_Prompt_
With the pictures removed, reproduce exactly the lines from the one that contains "3-к квартира, вторичка, 90м2, 2/18 этаж" through the last line of the entries below.

═════ Record set

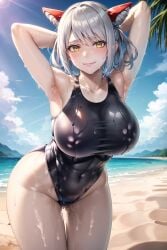 ai_generated arena_of_valor armpits big_breasts large_breasts qi_(arena_of_valor) swimsuit white_hair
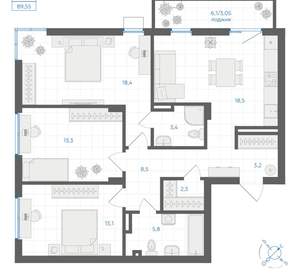 3-к квартира, вторичка, 90м2, 2/18 этаж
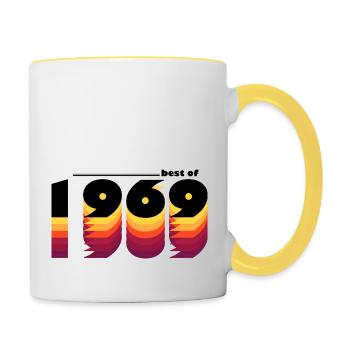 Vintage Retro Best of 1969, 56 Jahre - Tasse zweifarbig - Weiß/Gelb - Rechts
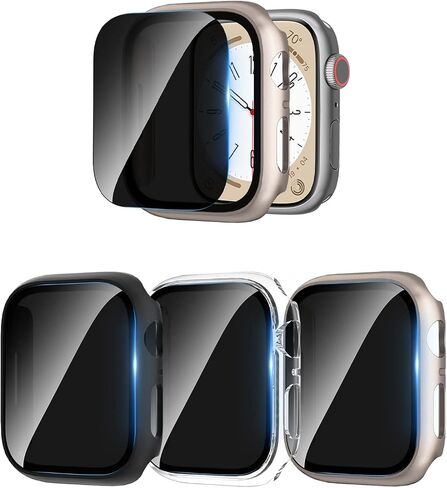 COMMUTER [3 Pack] Privacy Screen Protector for Apple Watch 9/8/7 45mm, Hard PC Ultra-Thin Case with Built-in Anti-Peeping Tempered Film for Apple Watch Series 9/8/7 45mm, Black/Clear/Rose Gold in Kuwait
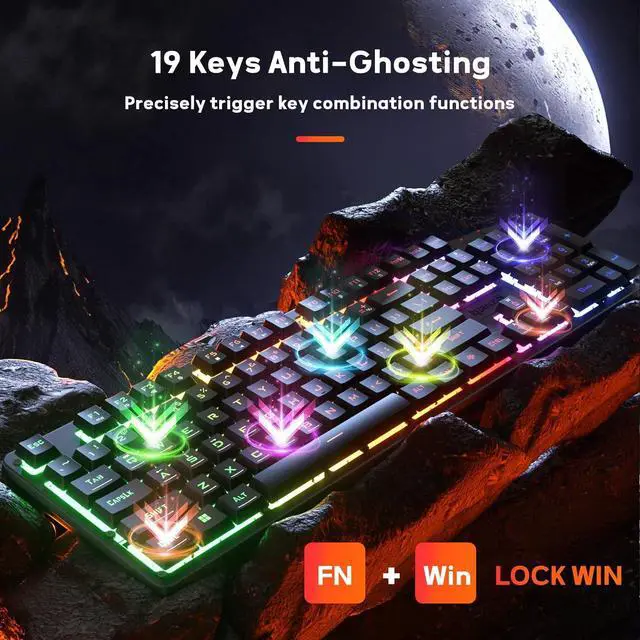 Alt view image 5 of 7 - K521 Upgrade Rainbow LED Gaming Keyboard, 104 Keys Wired Mechanical Feeling Keyboard with Multimedia Keys, One-Touch Backlit, Anti-Ghosting, Compatible with PC, Mac, PS4/5, Xbox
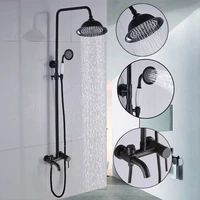 wall mounted rainfall shower faucet set mixer tap 8 rain shower head with hand shower head bath shower sets kd409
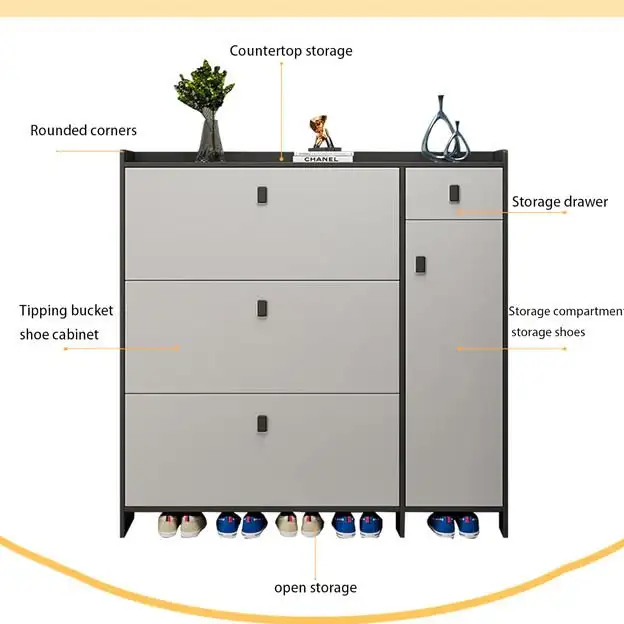 Slim Shoe Cabinet – Modern Entryway Storage Organizer Grey/White in Bookcases & Shelving Units in City of Toronto - Image 8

══════════

_Result below_
 3-к квартира, вторичка, 90м2, 2/18 этаж
 Vintage Retro Best of 1969, 56 Jahre - Tasse zweifarbig - Weiß/Gelb - Rechts
 COMMUTER [3 Pack] Privacy Screen Protector for Apple Watch 9/8/7 45mm, Hard PC Ultra-Thin Case with Built-in Anti-Peeping Tempered Film for Apple Watch Series 9/8/7 45mm, Black/Clear/Rose Gold in Kuwait
 Alt view image 5 of 7 - K521 Upgrade Rainbow LED Gaming Keyboard, 104 Keys Wired Mechanical Feeling Keyboard with Multimedia Keys, One-Touch Backlit, Anti-Ghosting, Compatible with PC, Mac, PS4/5, Xbox
 wall mounted rainfall shower faucet set mixer tap 8 rain shower head with hand shower head bath shower sets kd409
 Slim Shoe Cabinet – Modern Entryway Storage Organizer Grey/White in Bookcases & Shelving Units in City of Toronto - Image 8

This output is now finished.